● **WORK ITEM**
The pictures in the listing below are to be skipped, while the lines between the line holding "VIVANCE Obleka mornarska" and the line holding "Close-up views of", inclusive, are to be output exactly.

● **SUPPLIED DATA**

□ □ □ □ □

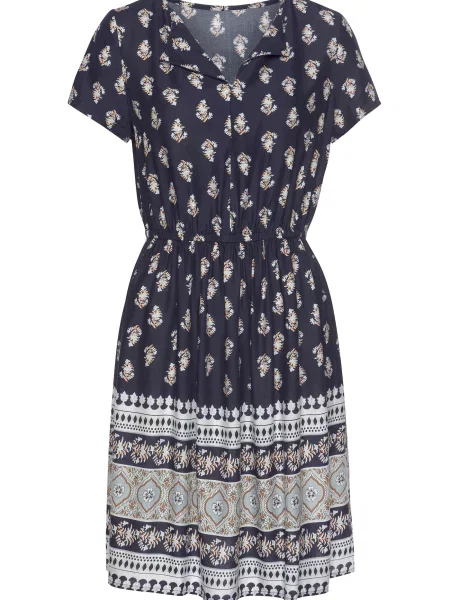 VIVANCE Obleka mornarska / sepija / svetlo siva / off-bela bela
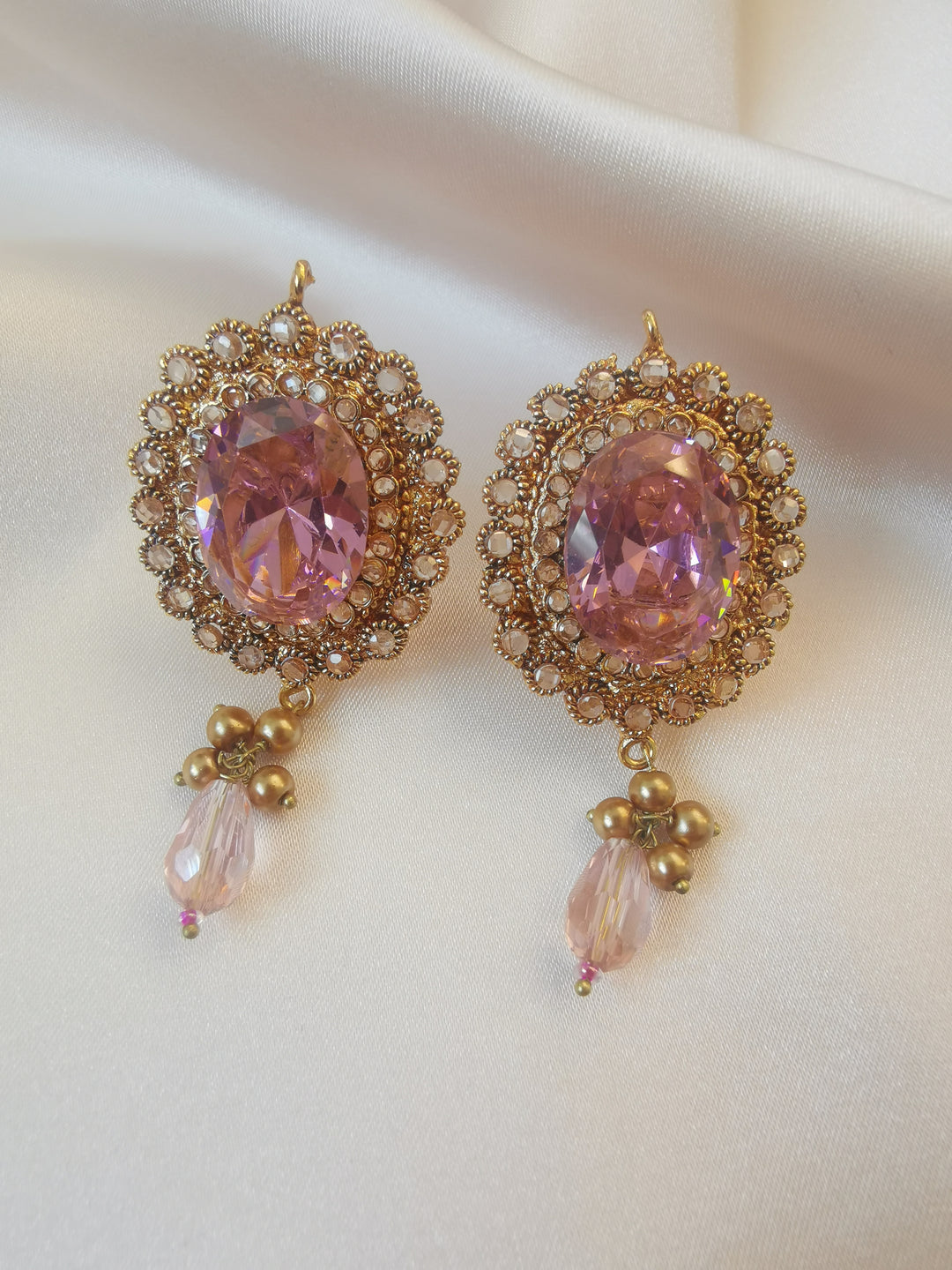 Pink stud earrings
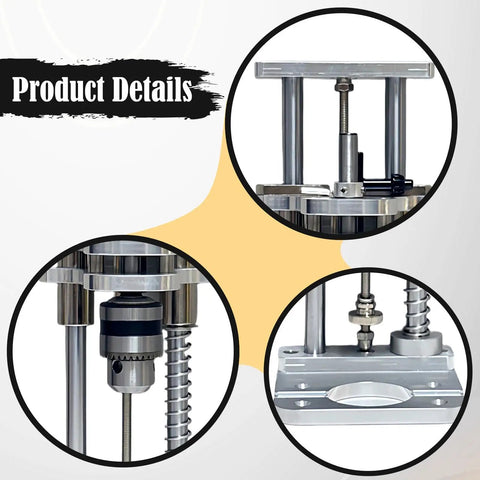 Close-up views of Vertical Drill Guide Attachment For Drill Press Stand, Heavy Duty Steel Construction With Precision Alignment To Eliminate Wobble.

□ □ □ □ □

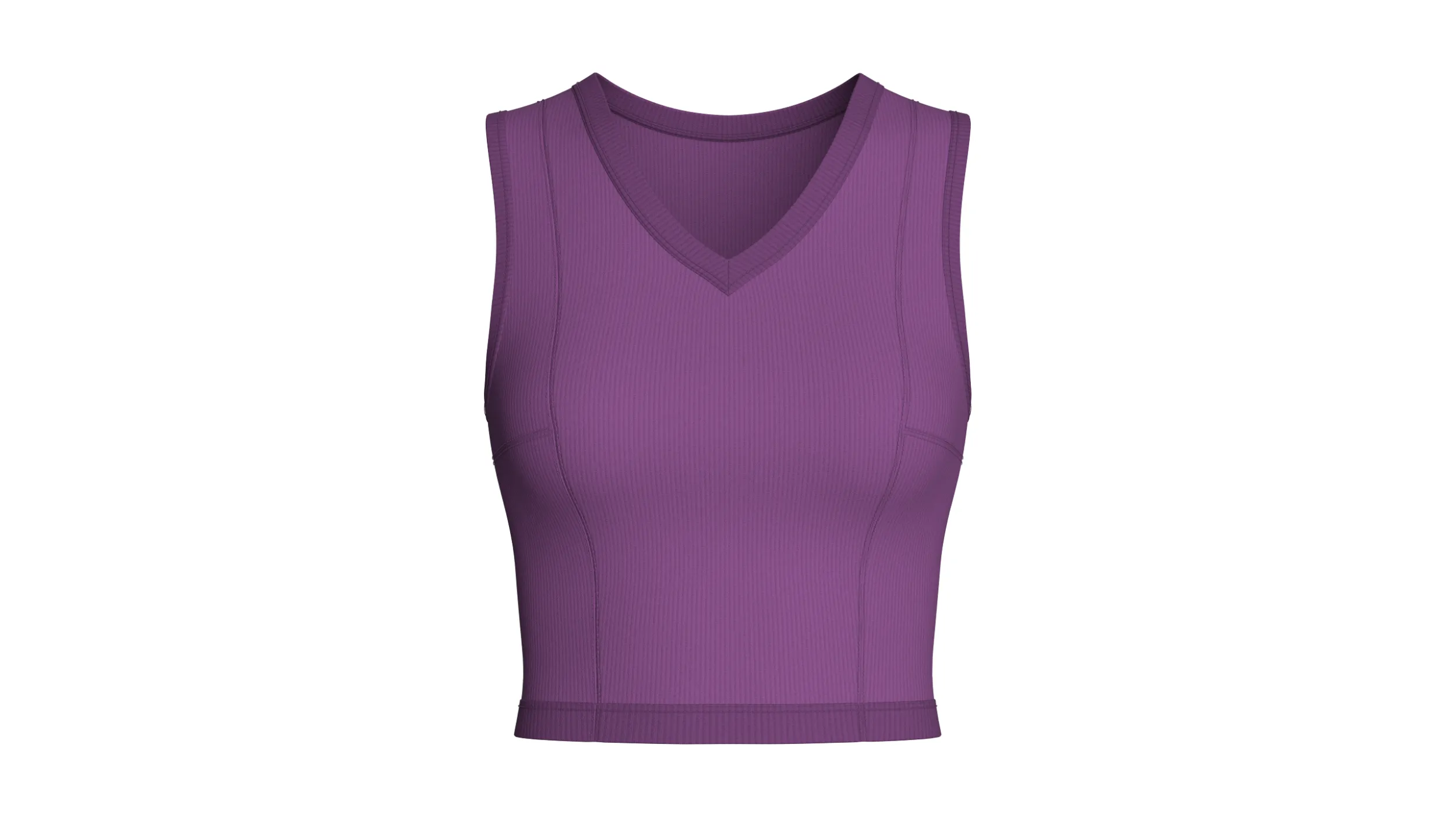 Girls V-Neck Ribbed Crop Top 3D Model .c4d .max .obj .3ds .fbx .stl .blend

□ □ □ □ □

● **EXPECTED ANSWER**
 VIVANCE Obleka mornarska / sepija / svetlo siva / off-bela bela
 Pink stud earrings
 Close-up views of Vertical Drill Guide Attachment For Drill Press Stand, Heavy Duty Steel Construction With Precision Alignment To Eliminate Wobble.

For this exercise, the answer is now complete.